For some reason, the DistributionDefinition execution enforces the definition of NM, and I do not want that to happen before I use ParallelSubmit and WaitAll. I tried this on two computers with Mathematica 11.3. Do you have any ideas what happens?

## Parallelization – Using ExternalEvaluate in ParallelDo

I've had great success with Python in Mathematica (for some calculations that have very well-optimized Python packages, but not for Mathematica). I have some Mathematica functions that are calls to Python functions, similar to the example in the Applications section of this page: https://reference.wolfram.com/language/ref/ExternalEvaluate.html.

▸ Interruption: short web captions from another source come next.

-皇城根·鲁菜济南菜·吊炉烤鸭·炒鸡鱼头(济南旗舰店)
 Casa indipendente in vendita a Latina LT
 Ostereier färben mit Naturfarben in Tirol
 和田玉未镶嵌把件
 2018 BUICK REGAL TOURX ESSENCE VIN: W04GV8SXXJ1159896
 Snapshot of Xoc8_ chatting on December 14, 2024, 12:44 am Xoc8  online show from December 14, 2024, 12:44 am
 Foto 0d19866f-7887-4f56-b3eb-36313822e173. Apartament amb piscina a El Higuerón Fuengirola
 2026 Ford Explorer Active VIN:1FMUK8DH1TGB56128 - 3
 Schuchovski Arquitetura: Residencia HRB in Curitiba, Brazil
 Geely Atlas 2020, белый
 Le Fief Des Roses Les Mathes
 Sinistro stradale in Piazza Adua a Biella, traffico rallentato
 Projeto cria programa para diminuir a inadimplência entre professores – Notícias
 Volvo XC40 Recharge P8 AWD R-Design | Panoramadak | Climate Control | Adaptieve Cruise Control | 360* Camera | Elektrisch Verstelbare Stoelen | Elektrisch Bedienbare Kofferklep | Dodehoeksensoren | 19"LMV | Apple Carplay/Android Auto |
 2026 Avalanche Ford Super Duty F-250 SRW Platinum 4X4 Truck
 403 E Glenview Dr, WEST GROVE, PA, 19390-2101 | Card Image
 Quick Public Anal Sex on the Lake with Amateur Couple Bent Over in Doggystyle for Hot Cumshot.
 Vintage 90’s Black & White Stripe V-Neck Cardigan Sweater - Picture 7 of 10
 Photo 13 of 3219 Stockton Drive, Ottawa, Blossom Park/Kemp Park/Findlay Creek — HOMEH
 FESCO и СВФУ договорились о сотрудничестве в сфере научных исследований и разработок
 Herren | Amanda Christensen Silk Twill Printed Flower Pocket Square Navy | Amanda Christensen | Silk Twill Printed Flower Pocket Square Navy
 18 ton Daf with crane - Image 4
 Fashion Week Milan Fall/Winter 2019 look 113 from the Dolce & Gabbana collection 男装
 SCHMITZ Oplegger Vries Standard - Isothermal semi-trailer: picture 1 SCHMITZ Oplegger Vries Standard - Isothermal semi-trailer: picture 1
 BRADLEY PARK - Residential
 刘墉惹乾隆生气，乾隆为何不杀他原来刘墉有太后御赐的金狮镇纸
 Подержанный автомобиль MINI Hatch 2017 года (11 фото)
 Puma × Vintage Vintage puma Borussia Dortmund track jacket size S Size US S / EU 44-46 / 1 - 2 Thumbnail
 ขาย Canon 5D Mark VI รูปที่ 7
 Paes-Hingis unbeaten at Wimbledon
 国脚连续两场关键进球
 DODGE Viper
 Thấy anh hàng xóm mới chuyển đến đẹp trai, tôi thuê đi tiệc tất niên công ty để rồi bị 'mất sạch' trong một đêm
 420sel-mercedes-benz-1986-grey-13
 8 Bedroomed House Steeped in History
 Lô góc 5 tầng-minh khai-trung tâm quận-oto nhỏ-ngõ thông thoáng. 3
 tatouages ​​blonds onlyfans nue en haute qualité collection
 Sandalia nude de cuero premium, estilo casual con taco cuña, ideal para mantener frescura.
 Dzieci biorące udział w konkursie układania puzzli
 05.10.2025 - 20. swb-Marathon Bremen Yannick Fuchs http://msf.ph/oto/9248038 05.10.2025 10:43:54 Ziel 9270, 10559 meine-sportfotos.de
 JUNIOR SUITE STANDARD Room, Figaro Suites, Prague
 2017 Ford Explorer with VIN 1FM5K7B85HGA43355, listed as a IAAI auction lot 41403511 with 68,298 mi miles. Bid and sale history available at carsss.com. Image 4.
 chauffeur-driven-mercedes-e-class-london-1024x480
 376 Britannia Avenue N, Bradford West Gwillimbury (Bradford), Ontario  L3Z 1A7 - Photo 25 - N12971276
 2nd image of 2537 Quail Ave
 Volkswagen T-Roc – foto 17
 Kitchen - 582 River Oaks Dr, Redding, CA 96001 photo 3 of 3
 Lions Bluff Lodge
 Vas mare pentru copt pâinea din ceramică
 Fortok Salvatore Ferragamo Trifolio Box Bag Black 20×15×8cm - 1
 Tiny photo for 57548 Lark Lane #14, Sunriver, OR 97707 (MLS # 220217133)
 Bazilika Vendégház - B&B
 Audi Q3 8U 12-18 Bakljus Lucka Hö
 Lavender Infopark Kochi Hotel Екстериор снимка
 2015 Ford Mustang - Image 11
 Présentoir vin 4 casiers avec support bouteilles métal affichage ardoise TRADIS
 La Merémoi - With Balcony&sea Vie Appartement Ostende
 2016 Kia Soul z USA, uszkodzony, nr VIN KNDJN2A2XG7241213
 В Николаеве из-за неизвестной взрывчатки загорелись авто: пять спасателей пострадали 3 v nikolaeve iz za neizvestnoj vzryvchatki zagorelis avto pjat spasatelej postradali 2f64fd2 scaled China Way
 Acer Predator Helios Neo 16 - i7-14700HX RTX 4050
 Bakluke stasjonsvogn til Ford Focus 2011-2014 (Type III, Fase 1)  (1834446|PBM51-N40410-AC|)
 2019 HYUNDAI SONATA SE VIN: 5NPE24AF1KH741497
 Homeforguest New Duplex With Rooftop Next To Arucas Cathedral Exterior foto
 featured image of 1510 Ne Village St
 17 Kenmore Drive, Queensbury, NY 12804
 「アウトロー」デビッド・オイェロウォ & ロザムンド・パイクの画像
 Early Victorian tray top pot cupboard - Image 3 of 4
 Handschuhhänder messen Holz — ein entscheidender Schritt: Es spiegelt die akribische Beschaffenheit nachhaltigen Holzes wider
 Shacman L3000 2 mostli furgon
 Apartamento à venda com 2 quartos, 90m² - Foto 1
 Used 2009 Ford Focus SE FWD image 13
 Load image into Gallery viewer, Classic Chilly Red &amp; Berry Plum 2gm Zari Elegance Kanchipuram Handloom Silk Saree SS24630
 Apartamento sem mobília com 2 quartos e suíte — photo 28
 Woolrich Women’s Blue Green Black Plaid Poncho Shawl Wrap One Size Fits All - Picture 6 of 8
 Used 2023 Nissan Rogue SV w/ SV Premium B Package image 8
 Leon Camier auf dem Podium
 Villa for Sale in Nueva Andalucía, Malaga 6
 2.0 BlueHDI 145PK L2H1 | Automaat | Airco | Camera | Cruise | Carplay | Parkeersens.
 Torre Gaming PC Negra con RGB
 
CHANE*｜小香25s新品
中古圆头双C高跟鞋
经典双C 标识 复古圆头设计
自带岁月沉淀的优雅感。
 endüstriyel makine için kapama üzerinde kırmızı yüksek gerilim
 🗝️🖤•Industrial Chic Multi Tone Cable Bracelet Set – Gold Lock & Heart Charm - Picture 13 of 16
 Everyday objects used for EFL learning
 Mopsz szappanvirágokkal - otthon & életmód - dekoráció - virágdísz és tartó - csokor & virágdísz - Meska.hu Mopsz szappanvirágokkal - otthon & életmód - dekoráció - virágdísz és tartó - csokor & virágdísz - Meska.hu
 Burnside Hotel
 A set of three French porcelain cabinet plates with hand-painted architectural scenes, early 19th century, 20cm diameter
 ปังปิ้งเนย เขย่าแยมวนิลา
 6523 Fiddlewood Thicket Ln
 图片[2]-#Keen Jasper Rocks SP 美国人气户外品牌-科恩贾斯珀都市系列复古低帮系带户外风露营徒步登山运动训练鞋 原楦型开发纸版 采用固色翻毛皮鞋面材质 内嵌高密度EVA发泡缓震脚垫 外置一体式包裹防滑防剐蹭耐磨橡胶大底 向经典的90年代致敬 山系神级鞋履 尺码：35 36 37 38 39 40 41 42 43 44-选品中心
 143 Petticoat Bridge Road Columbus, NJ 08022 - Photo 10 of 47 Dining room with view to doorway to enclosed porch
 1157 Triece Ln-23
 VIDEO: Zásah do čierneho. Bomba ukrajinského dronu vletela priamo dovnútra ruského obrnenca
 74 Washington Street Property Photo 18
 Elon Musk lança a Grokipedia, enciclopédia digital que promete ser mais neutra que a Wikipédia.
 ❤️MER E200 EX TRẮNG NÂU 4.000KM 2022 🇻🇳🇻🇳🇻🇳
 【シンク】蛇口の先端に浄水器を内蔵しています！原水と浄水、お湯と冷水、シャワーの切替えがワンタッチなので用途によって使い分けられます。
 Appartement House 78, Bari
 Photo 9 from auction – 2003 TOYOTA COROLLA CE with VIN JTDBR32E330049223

I would now like to execute these functions within a ParallelDo function, unfortunately it does not work. Here is a MWE and the issue:

``````session = StartExternalSession["Python-NumPy"];
ExternalEvaluate[session, "def double(x):
return x*2"];
double python[arg_] : = ExternalEvaluate[session, "double(" <> ToString[arg] <> ")"]Do[Pause[1]; To press[doublePython[i]]{{Reach[4]}]// Absolute timing
ParallelDo[Pause[1]; To press[doublePython[i]]{{Reach[4]}]// Absolute timing
``````

## Parallelization – ParallelDo offers another solution for self-system

I'm trying to calculate the eigensystem of a large matrix (eg 256×256). I've found that if I do this in a ParallelDo (because I actually compute many of these eigensystems), the result is different than if I calculated it on the main kernel.
Example:

``````seedRandom[1234]
Matrix = RandomReal[NormalDistribution[0, 1]{256, 256}];
(* To facilitate a Hermitian matrix *)
Matrix = Matrix + ConjugateTranspose @ Matrix;
mainkernel = own system[matrix];
parallel kernel = table[0, {j, 4}];
SetSharedVariable[parallelkernel];
ParallelDo[parallelkernel[[j]]= Own system[matrix]{j, 4}];

(* Check eigenvalues ​​*)
Max @ Abs @ (main kernel[[1]]-parallelkernel[[1,1]])
(*! = 0 *)
Max @ Abs @ (parallel kernel[[1,1]]-parallelkernel[[2,1]])
(* = 0 *)

(* Make sure the largest entry in the eigenvector is positive to get the same direction *)
signofmain = map[Sign@Total@MinMax[#] &, Main core[[2]]];
signofparallel = map[Sign@Total@MinMax[#] &, parallel kernel[[1, 2]]];

(* Check eigenvectors *)
Max @ Abs @ (signofmain * mainkernel)[[2]]-signofparallel * parallelkernel[[1,2]])
(*! = 0 *)
Max @ Abs @ (parallel kernel[[1,2]]-parallelkernel[[2,2]])
(* = 0 *)
``````

Obviously, all calculations done in ParallelDo show exactly the same result, but different from the main one.

I realize that the differences here are extremely small. However, a subsequent division by the difference between two eigenvalues ​​(in my case, self-energies) can in some cases lead to an error amplification of up to 10 ^ -2, which of course is not negligible.

Where does this difference come from and how can I avoid it?